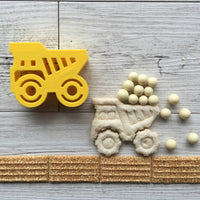 Load image into Gallery viewer, construction lunch punch sandwich cutter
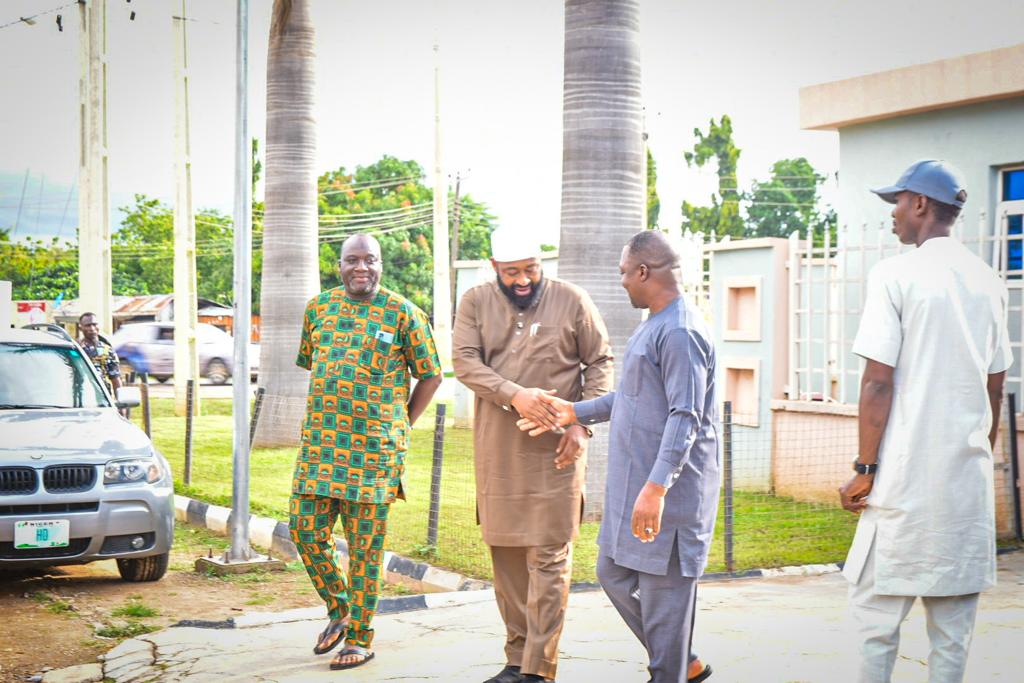 Chiefpressngs's tweet image. The Governor, while on transit sighted Barr. Beji coming out of his chamber, he stopped and demonstrated oneness, to foster understanding and promote bipartisanship as well as politics devoid of bitterness.

#ANewNigerIsAchievable 
#PoliticsWithoutBitterness 
#UnityGovernment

Assignment: Each record should be written out again exactly, though without its pictures.

Your response:
 Load image into Gallery viewer, construction lunch punch sandwich cutter
 Chiefpressngs's tweet image. The Governor, while on transit sighted Barr. Beji coming out of his chamber, he stopped and demonstrated oneness, to foster understanding and promote bipartisanship as well as politics devoid of bitterness.

#ANewNigerIsAchievable 
#PoliticsWithoutBitterness 
#UnityGovernment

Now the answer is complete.